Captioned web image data
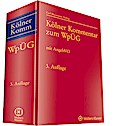 Kölner Kommentar zum Wertpapiererwerbs- und Übernahmegesetz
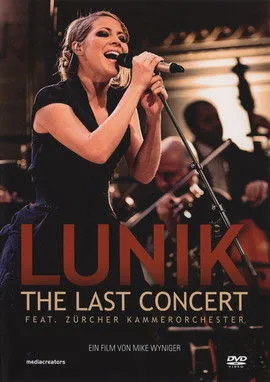 Jaël Malli interpreta a  en Lunik: The Last Concert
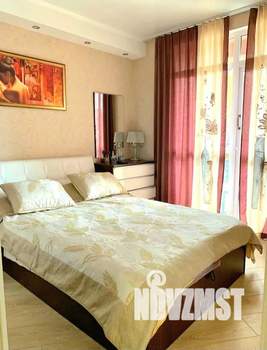 2-к квартира, посуточно, 50м2, 2/5 этаж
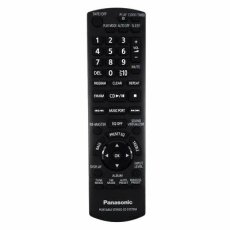 Panasonic RX-D50EG originální dálkový ovladač N2QAYA000009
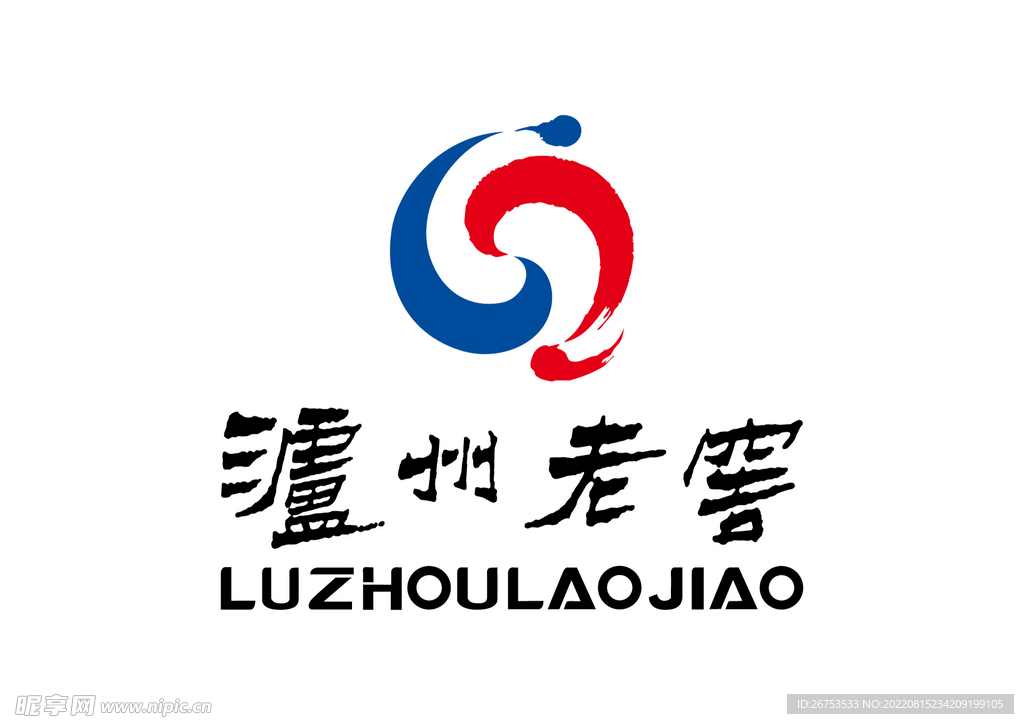 泸州老窖 LOGO 标志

**What you will do:** Repeat the records above exactly. No pictures go into the repeat.

**Result for this exercise:**
 Kölner Kommentar zum Wertpapiererwerbs- und Übernahmegesetz
 Jaël Malli interpreta a  en Lunik: The Last Concert
 2-к квартира, посуточно, 50м2, 2/5 этаж
 Panasonic RX-D50EG originální dálkový ovladač N2QAYA000009
 泸州老窖 LOGO 标志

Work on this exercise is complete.